US 12,282,337 B2
Dual agent reinforcement learning based system for autonomous operation of aircraft
Prabhat Kumar, Hajip (IN)
Assigned to The Boeing Company, Arlington, VA (US)
Filed by The Boeing Company, Chicago, IL (US)
Filed on Apr. 14, 2022, as Appl. No. 17/721,041.
Claims priority of application No. 202111032985 (IN), filed on Jul. 22, 2021.
Prior Publication US 2023/0025154 A1, Jan. 26, 2023
Int. Cl. G05D 1/00 (2024.01); B64D 43/00 (2006.01)

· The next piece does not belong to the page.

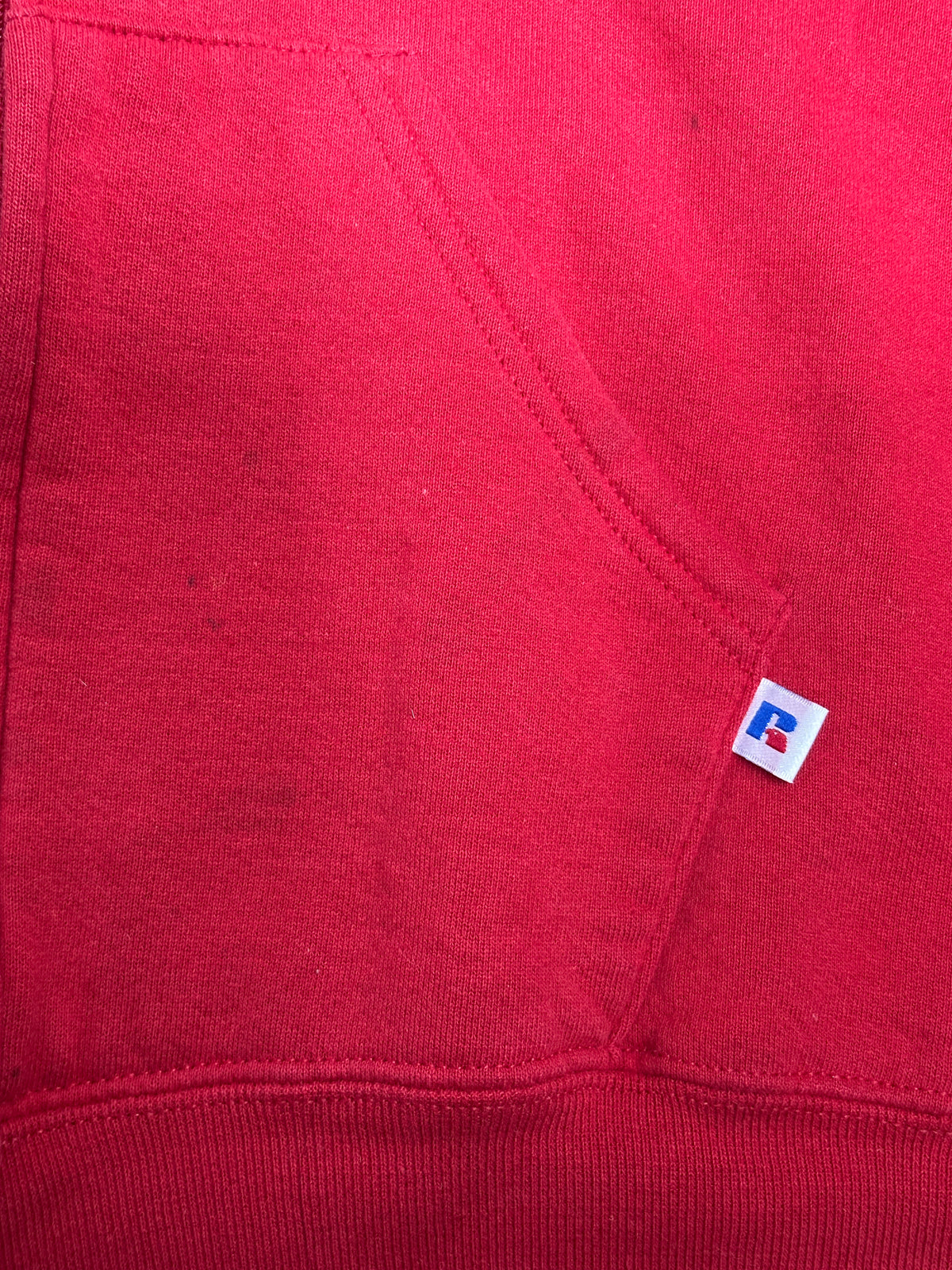 [L] 90a Russell Red Hood Zip-up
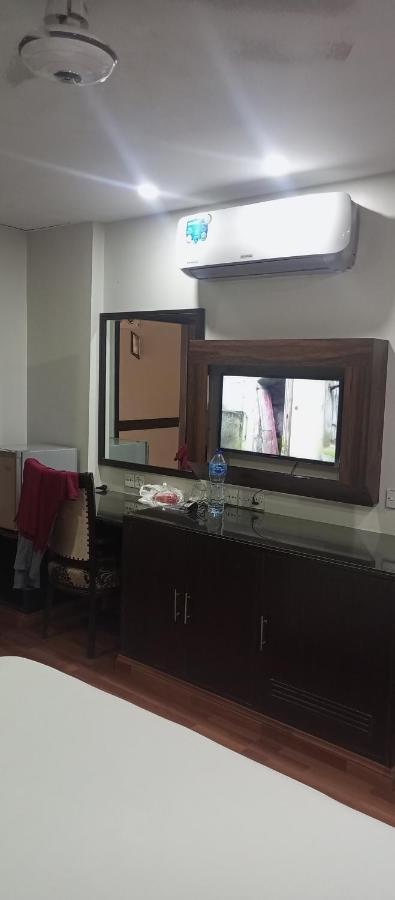 Hira Guest House Karachi Bagian luar foto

CPC G05D 1/085 (2013.01) [B64D 43/00 (2013.01); G05D 1/0088 (2013.01); G05D 1/0623 (2013.01); G05D 1/101 (2013.01)] 20 Claims
OG exemplary drawing
 
1. A system comprising:
an artificial neural network;
a cost agent configured to calculate a highest cost reward Q value based on state-action vectors associated with an aircraft, the highest cost reward Q value is associated with maximum fuel efficiency and aircraft performance, wherein the cost agent calculates a cost state-action vector based on the highest cost reward Q value;
a safe agent configured to receive, as an input, a message from the cost agent and calculate a highest safe reward Q value based on the state-action vectors associated with the aircraft and based on the cost state-action vector, the highest safe reward Q value is associated with landing the aircraft at a predetermined destination or a calculated emergency destination in response to an emergency, wherein the safe agent calculates a safe state-action vector based on the highest safe reward Q value;
wherein the state-action vectors include state data associated with the aircraft and action data associated with the aircraft;
wherein the artificial neural network determines an agent action based on the safe state-action vector and the cost state-action vector; and
a user output device positioned within a cockpit of the aircraft and configured to provide an indication of an action to a user while the user is controlling the aircraft, wherein the action corresponds to the agent action as determined by the artificial neural network, and wherein the user output is configured to provide a warning to the user in response to the user not performing the action.